Fixing embedding dimensional collapse
In order to fix the collapse problem, the authors introduce the multi-embedding paradigm: instead of having just a single embedding table per feature, we have N of them, along with N interaction modules, one for each embedding table, as shown on the right side of the following illustration:
The hypothesis behind this approach is that all of these embedding tables will collapse differently, hence preserving overall more information compared to having just a single embedding table. And indeed, the authors show better scaling properties of multi-embedding models compared to their single-embedding counterparts.
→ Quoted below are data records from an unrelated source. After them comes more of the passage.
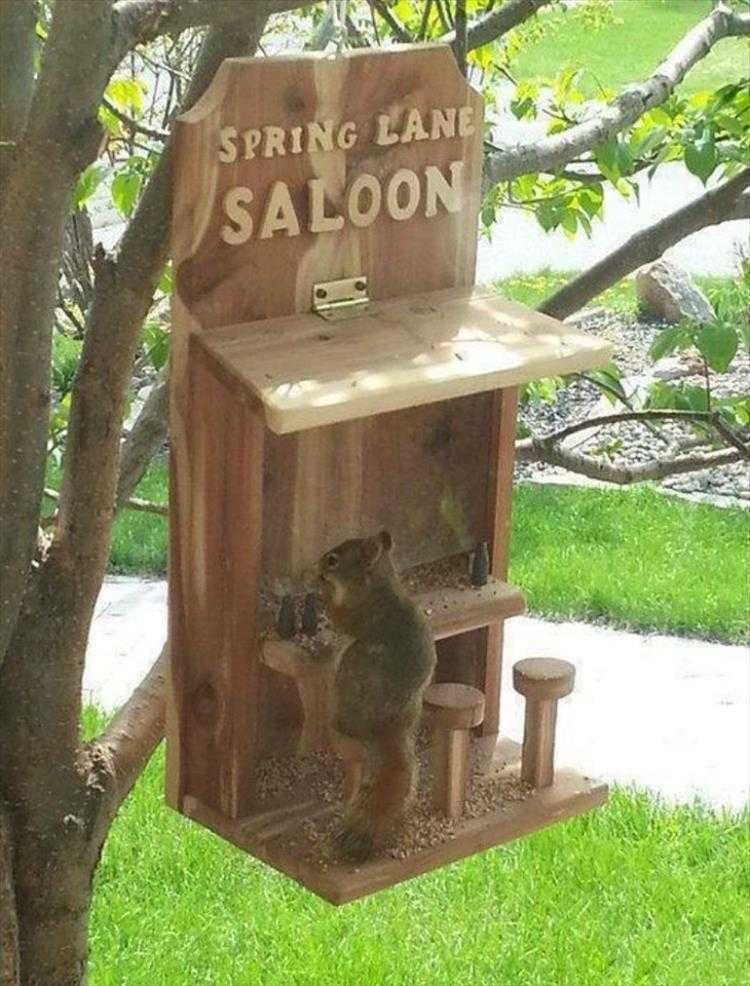 Top 23 Funny Pet Pics Of The Day Nut Bar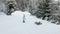 Happy kids running on snowy spruce forest.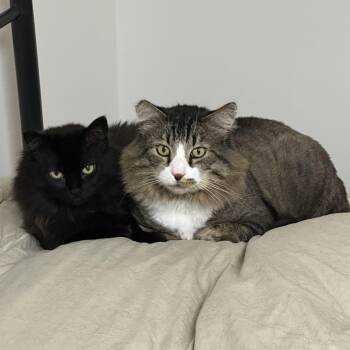 Rescue Domestic Long Hair Cats for Adoption in Kirkland, Washington - Scratchers, Snuggles & A Soft Spot To Land—Meet Bobby & Piper | PetCurious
Here, for example, are the test AUC results on Criteo for xDeepFM and DCNv2, as a function of the scale-up factor:
It is interesting to see that even without multi-embeddings DCNv2 already scales much better than xDeepFM. The exact reasons for this discrepancy are not clear but I would suspect an important contributor to DCNv2’s favorable intrinsic scaling properties are its low-rank factorization algorithm as well as its information gating layers to reduce cross noise. (I covered these in detail in a previous issue.)
Ultimately, the authors show that switching from single-embedding to multi-embedding brings larger scale-up gains in an xDeepFM model (around 8bps) compared to a DCNv2 model (around 4bps).
Coda: is it worth it?
Is a 4bps Test AUC gain (assuming we use DCNv2) worth scaling up the model by 10x, hence resulting in 10x more memory required for training and serving the model?
The answer, at least for Tencent, appears to be a clear Yes. In the authors’ words:
After the online A/B testing in January 2023, the multi-embedding paradigm has been successfully deployed in Tencent’s Online Advertising Platform, one of the largest advertisement recommendation systems. Upgrading the click prediction model from the single-embedding paradigm to our proposed multi-embedding paradigm in WeChat Moments leads to a 3.9% GMV (Gross Merchandise Value) lift, which brings hundreds of millions of dollars in revenue lift per year.
Multi-embedding is an interesting new direction in recommender systems but it also feels rather “brute-force”. After all, as we know other domains such as contrastive learning or Mixture of Experts modeling, auxiliary losses are an alternative (and cheaper!) way to nudge a model to fully utilize the embedding space. It will be interesting to see if one could beat the multi-embedding paradigm with a few cleverly designed auxiliary loss functions instead.